Non-unique factorization of ideals in $\mathbb{Z}[t,t^{-1}]$

Question

Edited version: In a Dedekind domain $R$, every nonzero proper ideal factors uniquely as a product of prime ideals. If $R$ is a Noetherian domain, then by this post any ideal $I$ which does factor into a product of primes, does so uniquely. The ideal class monoid of $R$ is the quotient of the monoid of nonzero ideals of $R$ under multiplication by the equivalence relation $I\sim J$ if there exist $x,y$ so that $(x)I=(y)J$. If $R$ is also a UFD, irreducible elements are prime, so all nonzero proper principal ideals factor into a product of primes. Therefore, if $I$ factors as a product of primes, it can be factored as a principal ideal times some unique nonprincipal prime ideals $p_1,\dots,p_n$, and since $(x)I$ also has a unique prime factorization for all nonzero $x\in R$ its ideal class will consist of $\{(x)p_1\cdots p_n:x\in R\}$. I am wondering if this ever doesn't happen, ie. if there can be an ideal class which is not of the form $\{(x)I\}$ for some ideal $I$. By the above discussion a necessary requirement is that $I$ does not factor as a product of prime ideals. The ring I'm interested in is $\mathbb{Z}[t,t^{-1}]$, which has trivial Picard group, so the only invertible ideals are already principal.
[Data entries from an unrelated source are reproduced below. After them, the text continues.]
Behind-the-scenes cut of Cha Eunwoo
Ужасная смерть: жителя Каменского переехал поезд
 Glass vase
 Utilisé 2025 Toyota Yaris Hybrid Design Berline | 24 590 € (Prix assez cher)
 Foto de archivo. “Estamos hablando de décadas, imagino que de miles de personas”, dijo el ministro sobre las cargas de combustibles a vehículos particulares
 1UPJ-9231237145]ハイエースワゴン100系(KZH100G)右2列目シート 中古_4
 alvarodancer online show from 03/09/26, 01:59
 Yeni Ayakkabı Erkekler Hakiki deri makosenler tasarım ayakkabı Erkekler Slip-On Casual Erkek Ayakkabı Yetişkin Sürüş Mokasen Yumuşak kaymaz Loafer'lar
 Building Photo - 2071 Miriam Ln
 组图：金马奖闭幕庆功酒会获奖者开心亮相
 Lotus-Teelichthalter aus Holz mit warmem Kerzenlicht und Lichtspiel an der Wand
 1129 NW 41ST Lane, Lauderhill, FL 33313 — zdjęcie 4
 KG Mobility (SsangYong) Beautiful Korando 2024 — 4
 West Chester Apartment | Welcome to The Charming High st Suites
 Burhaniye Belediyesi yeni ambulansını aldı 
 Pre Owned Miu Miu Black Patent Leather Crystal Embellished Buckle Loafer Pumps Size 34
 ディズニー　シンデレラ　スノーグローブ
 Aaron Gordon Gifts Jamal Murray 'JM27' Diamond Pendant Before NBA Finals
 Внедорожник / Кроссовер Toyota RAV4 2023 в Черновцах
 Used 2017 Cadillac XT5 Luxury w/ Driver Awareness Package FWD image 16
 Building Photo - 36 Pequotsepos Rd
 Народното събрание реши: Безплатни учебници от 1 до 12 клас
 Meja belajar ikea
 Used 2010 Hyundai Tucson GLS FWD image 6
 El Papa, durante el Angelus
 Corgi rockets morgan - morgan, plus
Another way to think about this question is the following: consider a graph $\Gamma$ with vertices the nonzero ideals of $R$ and a directed edge $I\rightarrow J$ whenever there is some nonzero $x\in R$ so that $J=(x)I$. The connected components of this graph are the ideal classes of $R$. Maximal ideals are "roots", so is any product of nonprincipal prime ideals, and by the above they are the only roots of their connected components. I would like an example of an ideal class which has more than one root. Otherwise, every ideal class has a unique root $I$, and the only ideals $J\sim I$ are of the form $J=(x)I$, which is not very interesting. A case of two roots in the same component will yield an equation $(x)I=(y)J$, where $I$ and $J$ are not both principal ideal multiples of a third ideal $K$, so this is a particular way an ideal can have distinct factorizations, hence the original question. Thanks for any comments or questions!

[Original post: I know that unique factorization of nonzero proper ideals in an integral domain $R$ is equivalent to being a Dedekind domain, and that my ring of interest, $\mathbb{Z}[t,t^{-1}]$, is not Dedekind, because it has dimension 2 and Dedekind domains have dimension 1.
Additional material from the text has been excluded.